## What this task involves
Omit the pictures from the entries below and retype everything else exactly.

## Entries shown
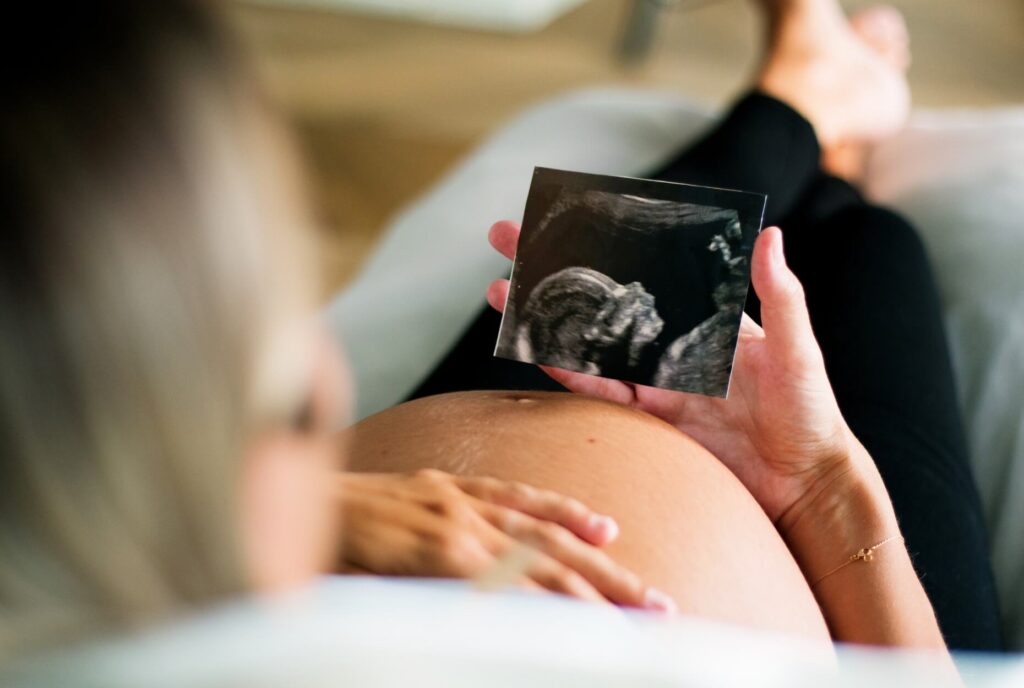 empregada gestante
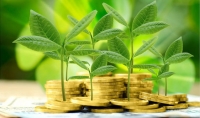 Ngân hàng Phát triển Việt Nam tăng tốc trên hành trình "xanh hoá"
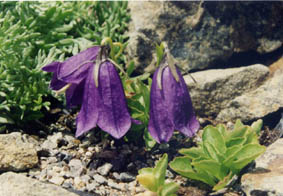 Campanula pulla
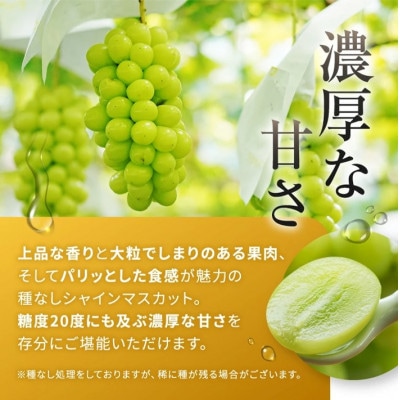 贈答用 信州塩尻市産葡萄【詰合せ3房】【シャインマスカット、ナガノパープル、クイーンルージュ(R)】
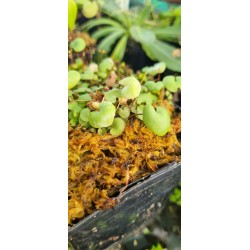 Plantes carnivores - Utricularia geminiloba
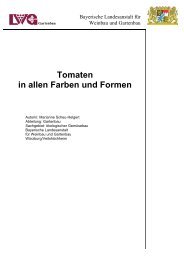 Tomaten in allen Farben und Formen - Bayerische Landesanstalt fÃ¼r ...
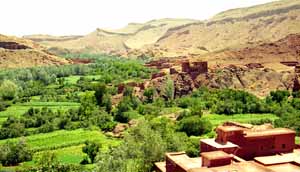 La vall�e du Dad�s. c07506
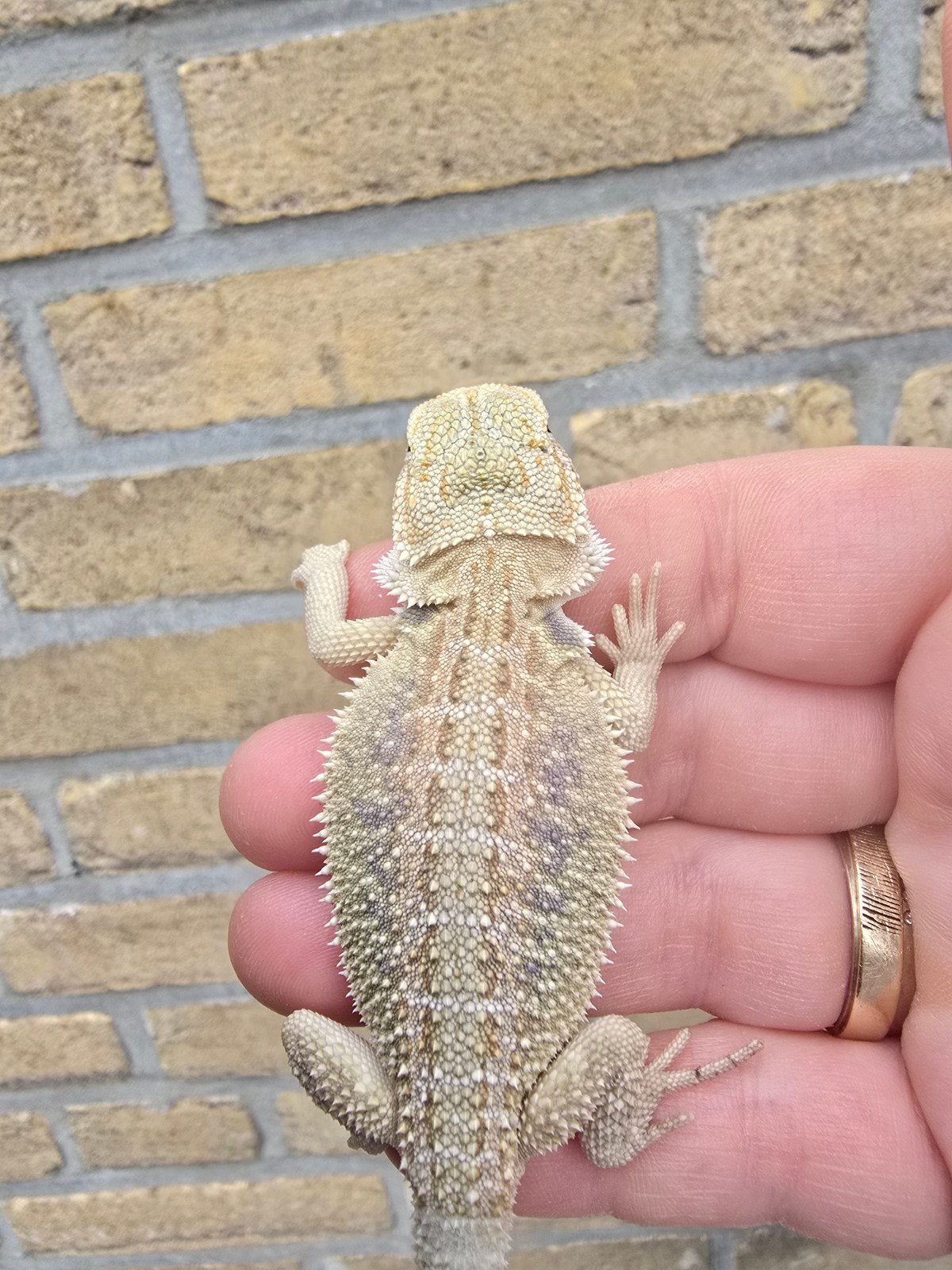 Prachtige witblits baardagaam, Dieren en Toebehoren, Amfibie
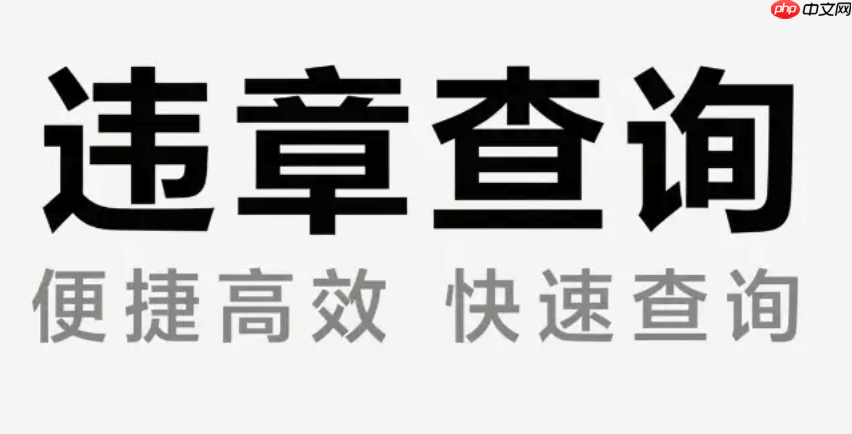 交管12123期满换证照片上传要求是什么_交管12123期满换证照片上传规范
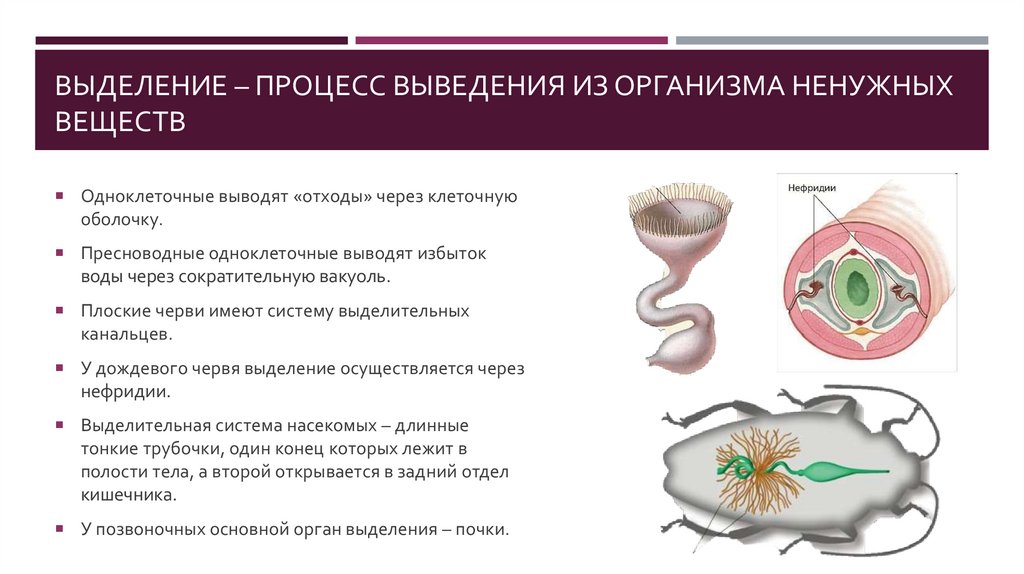 Выделительная система - презентация онлайн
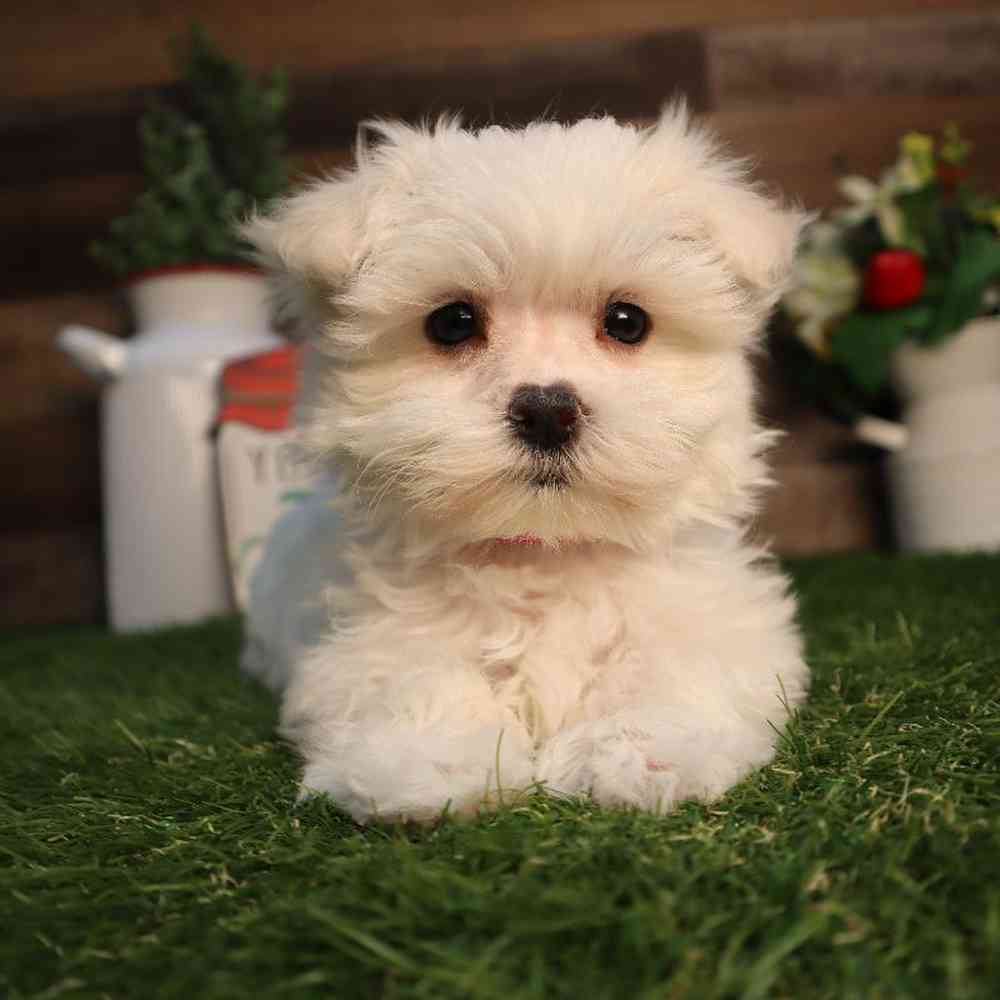 Female Maltese Puppy for Sale in Blaine, MN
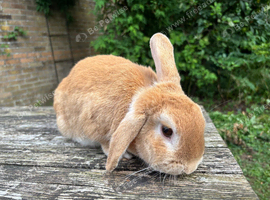 Lovely Lop x doe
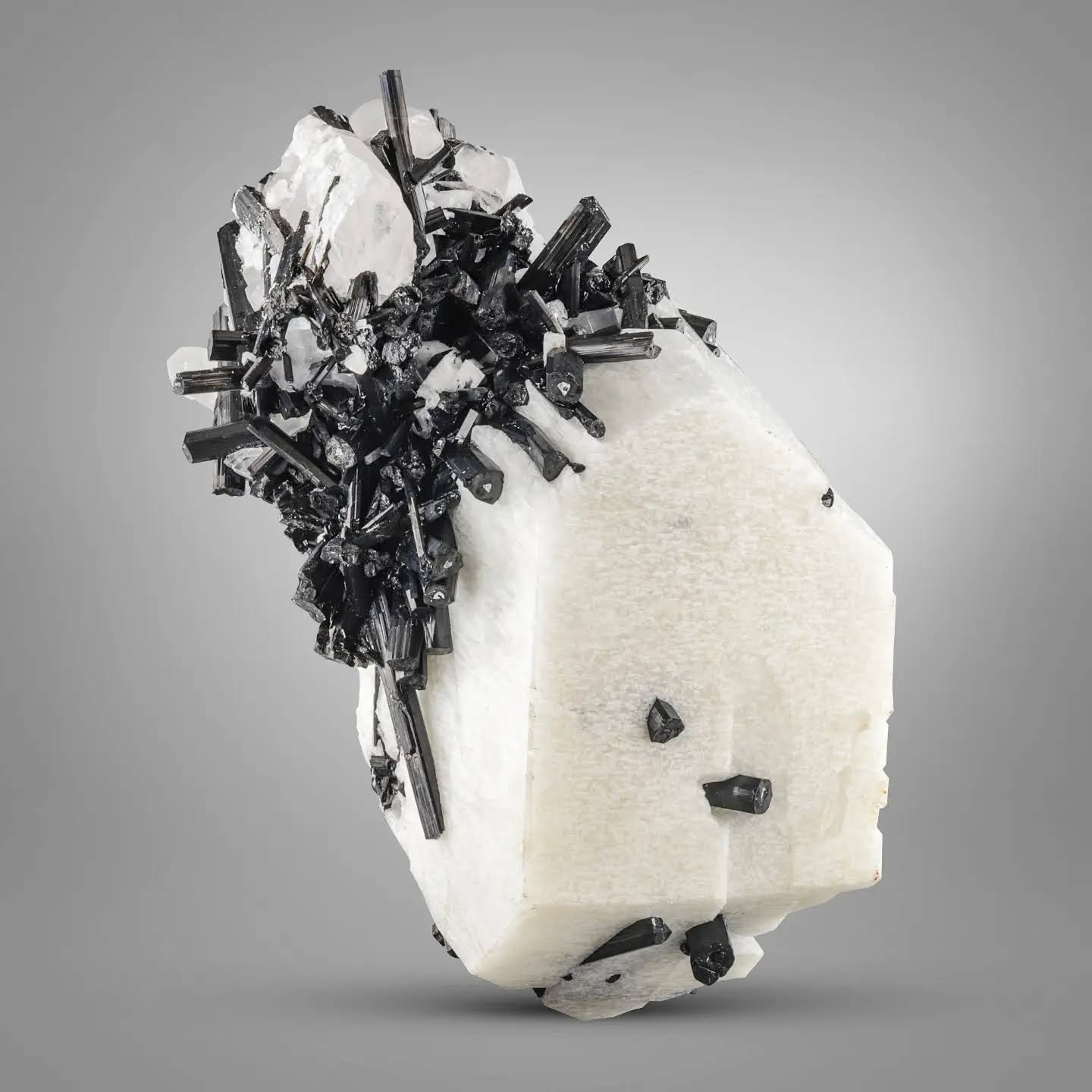 contrast of Black Tourmaline cluster on milky white Feldspar from Pakistan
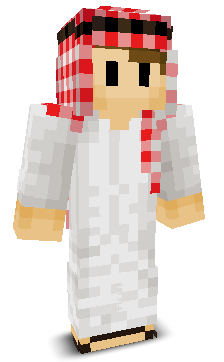 Shlogieee's skin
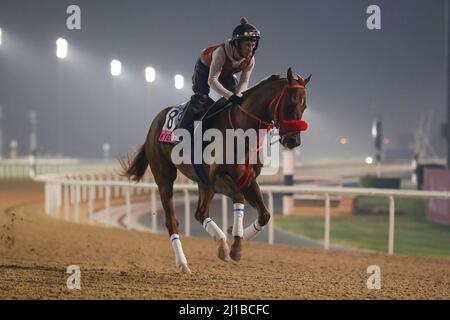 Dubai, USA. 22. März 2022. 23. März 2022: Keifer trainiert zur Vorbereitung auf das UAE Derby auf der Meydan Racecourse in Meydan, Dubai, Vereinigte Arabische Emirate, am 23.. März 2022. Shamela Hanley/Eclipse Sportswire/CSM/Alamy Live News Stockfoto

## Reply
 empregada gestante
 Ngân hàng Phát triển Việt Nam tăng tốc trên hành trình "xanh hoá"
 Campanula pulla
 贈答用 信州塩尻市産葡萄【詰合せ3房】【シャインマスカット、ナガノパープル、クイーンルージュ(R)】
 Plantes carnivores - Utricularia geminiloba
 Tomaten in allen Farben und Formen - Bayerische Landesanstalt fÃ¼r ...
 La vall�e du Dad�s. c07506
 Prachtige witblits baardagaam, Dieren en Toebehoren, Amfibie
 交管12123期满换证照片上传要求是什么_交管12123期满换证照片上传规范
 Выделительная система - презентация онлайн
 Female Maltese Puppy for Sale in Blaine, MN
 Lovely Lop x doe
 contrast of Black Tourmaline cluster on milky white Feldspar from Pakistan
 Shlogieee's skin
 Dubai, USA. 22. März 2022. 23. März 2022: Keifer trainiert zur Vorbereitung auf das UAE Derby auf der Meydan Racecourse in Meydan, Dubai, Vereinigte Arabische Emirate, am 23.. März 2022. Shamela Hanley/Eclipse Sportswire/CSM/Alamy Live News Stockfoto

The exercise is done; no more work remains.